TL;DR: Hemlock is crisp, readable, and tense, running on that deliciously reliable engine where someone returns to a remote place, thinks they’re fixing a house, and instead gets slowly unstitched by grief, booze, and whatever the fuck lives in the trees. It lands more often than not, but it stops just short of going fully fucked up BWAF-banner savage.

Melissa Faliveno comes to fiction from nonfiction and editing, and you can feel that control in the sentences. She’s the author of the essay collection Tomboyland and has worked as a senior editor at Poets & Writers; she also teaches creative writing (including at UNC-Chapel Hill and Vermont College of Fine Arts). That resume matters here because Hemlock reads like somebody who knows how to pace a scene, land an image, and tighten a paragraph until it squeals.
Sam, living in Brooklyn, drives back to her family’s cabin deep in Wisconsin’s Northwoods, arriving at night with the dark pressing in like a physical thing. She tells herself she’s here for a practical mission: repair the place, clear it out, sell it, and get her father unstuck. But the cabin is where her mother went for a walk and never came back, as if the woods swallowed her whole. Sam is also carrying fresh wreckage of her own, including a relationship shaped by tenderness and loss (Stephen, Monster the cat, the life she is trying to keep from collapsing). Out here, the obstacles are not just rot and repairs. It’s the locked basement door, the local lore, the sense of being watched, and the creeping suspicion that “fixing the cabin” is actually the cabin fixing her.

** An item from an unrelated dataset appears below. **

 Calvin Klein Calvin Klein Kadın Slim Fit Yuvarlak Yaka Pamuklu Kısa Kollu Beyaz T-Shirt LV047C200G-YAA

The best thing Faliveno does is turn familiar horror furniture into emotional ammunition. A locked basement door should be a cliche, but she writes it with such lived-in dread and self-awareness that it feels like your brain doing that late-night inventory of every true-crime nightmare you ever swallowed for fun. The cabin isn’t a haunted house in the theme-park way. It’s a place weighted with absence, a grief object, a working-class artifact built by a father who believed naming something was a form of love. And then she threads in the double-meaning of “hemlock,” both tree and poison, with a scene where Lou-Ann riffs on Macbeth and Socrates, basically handing Sam a bouquet of doom wrapped in literature. There’s also a killer recurring vibe of the Northwoods as something ancient, storied, and hungry, where people vanish and the land does not apologize.
“It was a place of many names. To the locals, though, it was known only as the Northwoods.”
The prose is clean but not sterile. It’s got that sharp sensory edge: rot-sweet air, musty rooms, the woods sounding “loud” in silence, the sky full of stars that make the city feel like a bad dream. Faliveno’s biggest strength is momentum. Chapters come quick, and she uses repetition like a spell, especially around addiction. The relapse sequence, starting with “It started with a beer,” hits like a trap snapping shut, with Sam narrating her own rationalizations while the book calmly tightens the rope. The voice is intimate and unsparing, and the horror is often psychological first, supernatural second, which is exactly how it should be for this story. The downside is that when it’s time to go full clawing-at-the-wall bonkers, Faliveno often chooses restraint. That’s tasteful, sure, but sometimes you want the novel to stop being polite and start being a fucking problem.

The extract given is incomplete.